┌─ RECORDS SHOWN

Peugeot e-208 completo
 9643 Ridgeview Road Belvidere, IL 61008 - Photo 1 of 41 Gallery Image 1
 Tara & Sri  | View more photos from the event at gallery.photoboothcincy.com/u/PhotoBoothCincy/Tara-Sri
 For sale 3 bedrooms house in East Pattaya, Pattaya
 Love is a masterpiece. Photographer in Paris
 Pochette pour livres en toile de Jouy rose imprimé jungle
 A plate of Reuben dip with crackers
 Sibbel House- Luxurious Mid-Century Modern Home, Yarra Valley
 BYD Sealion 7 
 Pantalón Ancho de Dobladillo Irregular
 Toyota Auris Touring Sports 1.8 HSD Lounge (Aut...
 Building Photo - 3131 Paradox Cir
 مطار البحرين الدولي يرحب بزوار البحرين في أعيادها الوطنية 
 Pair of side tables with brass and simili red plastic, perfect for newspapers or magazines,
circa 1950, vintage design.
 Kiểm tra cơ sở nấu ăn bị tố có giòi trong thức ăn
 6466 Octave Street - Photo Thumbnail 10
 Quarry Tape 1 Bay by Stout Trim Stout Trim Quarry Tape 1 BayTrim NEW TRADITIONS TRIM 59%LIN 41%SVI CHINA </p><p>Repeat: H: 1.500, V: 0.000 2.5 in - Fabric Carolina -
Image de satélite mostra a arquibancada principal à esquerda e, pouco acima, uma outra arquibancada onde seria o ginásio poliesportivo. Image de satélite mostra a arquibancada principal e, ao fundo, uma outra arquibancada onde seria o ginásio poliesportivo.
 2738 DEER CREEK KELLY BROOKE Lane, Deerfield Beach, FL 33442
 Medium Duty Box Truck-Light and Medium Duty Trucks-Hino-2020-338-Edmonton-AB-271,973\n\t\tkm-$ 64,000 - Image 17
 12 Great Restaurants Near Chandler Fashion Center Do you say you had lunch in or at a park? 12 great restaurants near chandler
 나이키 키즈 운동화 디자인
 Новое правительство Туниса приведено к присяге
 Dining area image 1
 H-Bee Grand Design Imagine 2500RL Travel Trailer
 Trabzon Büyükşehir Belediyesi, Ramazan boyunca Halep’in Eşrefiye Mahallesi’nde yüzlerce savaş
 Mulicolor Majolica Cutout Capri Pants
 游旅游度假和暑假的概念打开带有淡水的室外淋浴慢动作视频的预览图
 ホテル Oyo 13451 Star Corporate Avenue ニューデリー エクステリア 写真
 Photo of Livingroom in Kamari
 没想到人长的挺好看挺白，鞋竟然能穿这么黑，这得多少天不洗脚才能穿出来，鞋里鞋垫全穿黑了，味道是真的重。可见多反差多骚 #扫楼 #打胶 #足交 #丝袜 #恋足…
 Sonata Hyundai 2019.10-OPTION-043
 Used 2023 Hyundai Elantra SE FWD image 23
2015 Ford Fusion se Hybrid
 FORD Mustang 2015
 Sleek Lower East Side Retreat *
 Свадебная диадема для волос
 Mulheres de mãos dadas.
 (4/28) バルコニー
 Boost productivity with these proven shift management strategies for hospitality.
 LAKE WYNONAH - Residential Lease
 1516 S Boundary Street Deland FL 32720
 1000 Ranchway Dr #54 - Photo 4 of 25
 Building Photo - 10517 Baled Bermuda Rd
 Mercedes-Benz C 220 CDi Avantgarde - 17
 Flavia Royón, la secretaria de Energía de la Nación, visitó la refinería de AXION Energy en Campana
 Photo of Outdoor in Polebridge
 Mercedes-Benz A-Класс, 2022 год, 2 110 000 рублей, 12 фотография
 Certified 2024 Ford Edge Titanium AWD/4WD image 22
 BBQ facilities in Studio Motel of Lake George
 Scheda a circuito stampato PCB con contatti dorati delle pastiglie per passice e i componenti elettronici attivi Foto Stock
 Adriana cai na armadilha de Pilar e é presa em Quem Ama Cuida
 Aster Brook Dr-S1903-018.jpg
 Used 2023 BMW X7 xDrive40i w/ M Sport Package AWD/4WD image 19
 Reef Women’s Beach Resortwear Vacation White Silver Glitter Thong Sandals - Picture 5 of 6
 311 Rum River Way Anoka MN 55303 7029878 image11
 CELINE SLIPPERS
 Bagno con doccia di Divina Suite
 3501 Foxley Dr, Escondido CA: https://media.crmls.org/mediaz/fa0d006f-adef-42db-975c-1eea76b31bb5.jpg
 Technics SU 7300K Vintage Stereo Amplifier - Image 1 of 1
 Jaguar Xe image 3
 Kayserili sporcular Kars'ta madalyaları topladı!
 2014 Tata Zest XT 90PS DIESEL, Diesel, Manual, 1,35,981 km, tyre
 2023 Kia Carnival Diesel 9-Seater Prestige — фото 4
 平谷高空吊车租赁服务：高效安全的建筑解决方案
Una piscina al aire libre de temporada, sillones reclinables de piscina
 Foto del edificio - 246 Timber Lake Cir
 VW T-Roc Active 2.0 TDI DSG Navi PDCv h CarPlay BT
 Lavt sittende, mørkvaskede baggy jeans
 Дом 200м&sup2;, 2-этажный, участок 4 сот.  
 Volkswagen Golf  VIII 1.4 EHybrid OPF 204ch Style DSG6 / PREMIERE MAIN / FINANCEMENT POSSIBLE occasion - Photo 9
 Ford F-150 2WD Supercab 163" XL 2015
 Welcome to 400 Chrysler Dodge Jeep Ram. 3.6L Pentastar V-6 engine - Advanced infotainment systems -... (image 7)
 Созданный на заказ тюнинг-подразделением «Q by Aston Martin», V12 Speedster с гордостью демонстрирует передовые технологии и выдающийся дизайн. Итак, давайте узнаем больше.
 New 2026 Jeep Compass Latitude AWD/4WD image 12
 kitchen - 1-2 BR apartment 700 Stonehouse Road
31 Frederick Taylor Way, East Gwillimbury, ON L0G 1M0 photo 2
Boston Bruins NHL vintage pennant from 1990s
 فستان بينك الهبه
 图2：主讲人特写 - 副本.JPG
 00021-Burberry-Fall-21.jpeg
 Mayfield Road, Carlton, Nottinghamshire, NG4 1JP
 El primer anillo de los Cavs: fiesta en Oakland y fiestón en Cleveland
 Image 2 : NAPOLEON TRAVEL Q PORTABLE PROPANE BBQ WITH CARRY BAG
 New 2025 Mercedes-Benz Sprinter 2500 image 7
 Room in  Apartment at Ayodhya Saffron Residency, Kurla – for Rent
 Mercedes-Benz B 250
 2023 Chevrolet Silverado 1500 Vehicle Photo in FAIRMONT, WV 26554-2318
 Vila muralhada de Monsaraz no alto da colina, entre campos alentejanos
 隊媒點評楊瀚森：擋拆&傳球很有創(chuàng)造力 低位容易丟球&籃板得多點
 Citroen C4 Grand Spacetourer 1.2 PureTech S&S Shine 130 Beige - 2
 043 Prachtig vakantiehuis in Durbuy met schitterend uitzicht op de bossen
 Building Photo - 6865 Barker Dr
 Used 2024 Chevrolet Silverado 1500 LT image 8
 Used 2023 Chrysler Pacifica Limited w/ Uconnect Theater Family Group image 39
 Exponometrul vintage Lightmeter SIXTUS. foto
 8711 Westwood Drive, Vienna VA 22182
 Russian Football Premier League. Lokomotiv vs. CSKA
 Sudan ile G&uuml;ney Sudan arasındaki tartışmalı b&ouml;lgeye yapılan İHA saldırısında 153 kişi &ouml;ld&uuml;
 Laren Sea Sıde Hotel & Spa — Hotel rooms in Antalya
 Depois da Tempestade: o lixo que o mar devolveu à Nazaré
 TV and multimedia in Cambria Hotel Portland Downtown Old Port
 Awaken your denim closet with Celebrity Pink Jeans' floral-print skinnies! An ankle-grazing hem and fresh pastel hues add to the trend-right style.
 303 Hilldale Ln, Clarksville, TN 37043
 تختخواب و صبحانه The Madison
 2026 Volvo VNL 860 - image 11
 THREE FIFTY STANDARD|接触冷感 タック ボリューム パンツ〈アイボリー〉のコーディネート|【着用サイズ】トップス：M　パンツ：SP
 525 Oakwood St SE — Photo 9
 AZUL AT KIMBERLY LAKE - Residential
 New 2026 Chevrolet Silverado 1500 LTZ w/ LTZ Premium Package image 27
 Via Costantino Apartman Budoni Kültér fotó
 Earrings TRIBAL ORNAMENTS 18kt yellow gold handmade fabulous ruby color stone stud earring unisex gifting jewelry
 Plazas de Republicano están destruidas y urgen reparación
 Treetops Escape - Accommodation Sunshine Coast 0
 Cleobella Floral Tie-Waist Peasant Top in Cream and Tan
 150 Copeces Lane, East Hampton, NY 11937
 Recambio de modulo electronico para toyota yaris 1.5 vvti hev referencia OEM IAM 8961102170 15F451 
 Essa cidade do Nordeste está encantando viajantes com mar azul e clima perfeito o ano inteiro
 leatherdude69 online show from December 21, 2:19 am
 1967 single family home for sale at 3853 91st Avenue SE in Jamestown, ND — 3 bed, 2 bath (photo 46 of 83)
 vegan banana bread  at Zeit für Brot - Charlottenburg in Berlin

└─

- _WORK REQUEST_
Using the listing above, copy exactly the line that contains "CELINE SLIPPERS", the line that contains "Kayserili sporcular Kars'ta", and each line that falls between them.

- _COMPLETED TASK_
 CELINE SLIPPERS
 Bagno con doccia di Divina Suite
 3501 Foxley Dr, Escondido CA: https://media.crmls.org/mediaz/fa0d006f-adef-42db-975c-1eea76b31bb5.jpg
 Technics SU 7300K Vintage Stereo Amplifier - Image 1 of 1
 Jaguar Xe image 3
 Kayserili sporcular Kars'ta madalyaları topladı!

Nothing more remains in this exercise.